Overview#
What is Maha?#
Maha is a Python library that provides simple, yet powerful, functions for dealing with Arabic text. It can be used to clean and parse text, files, and folders with or without streaming capability.
Cleaners#
This module provides a number of functions for cleaning Arabic text. These functions are summarized into the following categories:
keep_fn
: Functions that keep only specific characters in a text.remove_fn
: Functions that remove specific characters from a text.normalize_fn
: Functions that converts similar characters into one common character.replace_fn
: Functions that replace specific characters with other characters.contains_fn
: Functions that check if a text contains specific characters.num2text
: Contains the logic for converting numbers to text.
These modules expose a simple interface that is used in conjunction with the defined
constants
as well as the available expressions
.
Custom constants/expressions are also supported and can be easily used.
Examples#
To keep
ARABIC_LETTERS
andHARAKAT
only, you can do the following:
>>> from maha.cleaners.functions import keep
>>> sample_text = "البسملة : ( بِسْمِ اللَّـهِ الرَّحْمَـٰنِ الرَّحِيمِ )"
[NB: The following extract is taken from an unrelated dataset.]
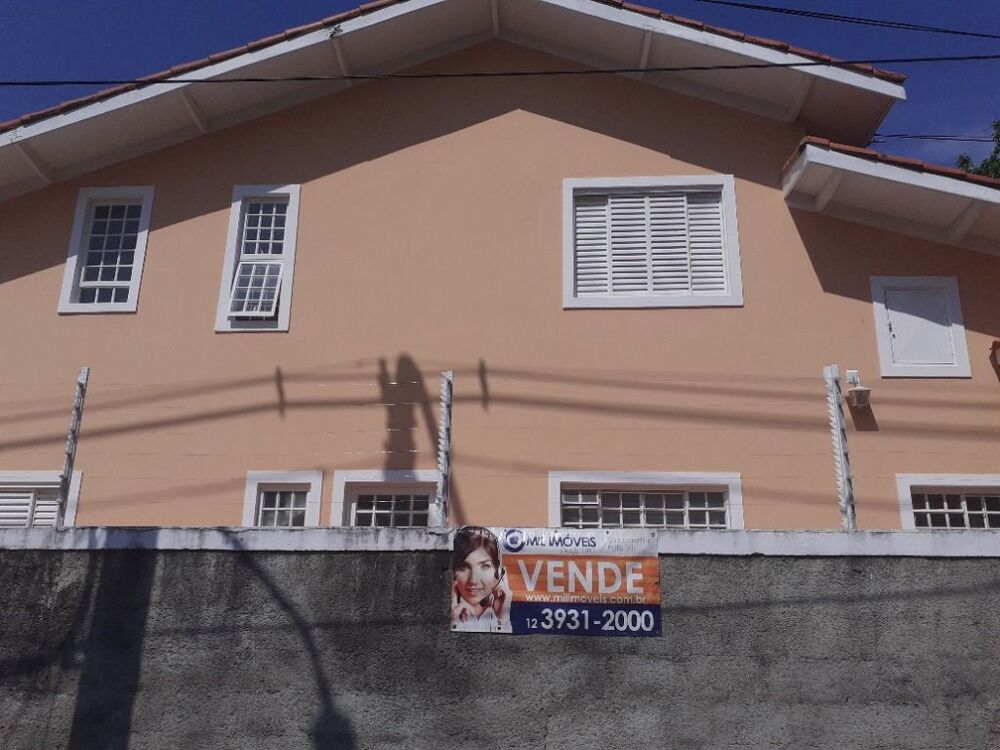 Casa, 3 quartos, 97 m² - Foto 4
>>> keep(sample_text, arabic_letters=True, harakat=True)
'البسملة بِسْمِ اللَّهِ الرَّحْمَنِ الرَّحِيمِ'
To remove
PUNCTUATIONS
, you can do the following:
>>> from maha.cleaners.functions import remove
>>> sample_text = "البسملة : ( بِسْمِ اللَّـهِ الرَّحْمَـٰنِ الرَّحِيمِ )"
>>> remove(sample_text, punctuations=True)
'البسملة بِسْمِ اللَّـهِ الرَّحْمَـٰنِ الرَّحِيمِ'
To normalize
ALEF_VARIATIONS
, you can do the following:
>>> from maha.cleaners.functions import normalize
>>> sample_text = "أنا وأخي علي في المكتبةِ نَطلعُ على موضوع البرمجه"
>>> normalize(sample_text, alef=True)
'انا واخي علي في المكتبةِ نَطلعُ على موضوع البرمجه'
To normalize all but
ALEF_VARIATIONS
, you can do the following:
>>> from maha.cleaners.functions import normalize
>>> sample_text = "أنا وأخي علي في المكتبةِ نَطلعُ على موضوع البرمجه"
>>> normalize(sample_text, alef=False, all=True)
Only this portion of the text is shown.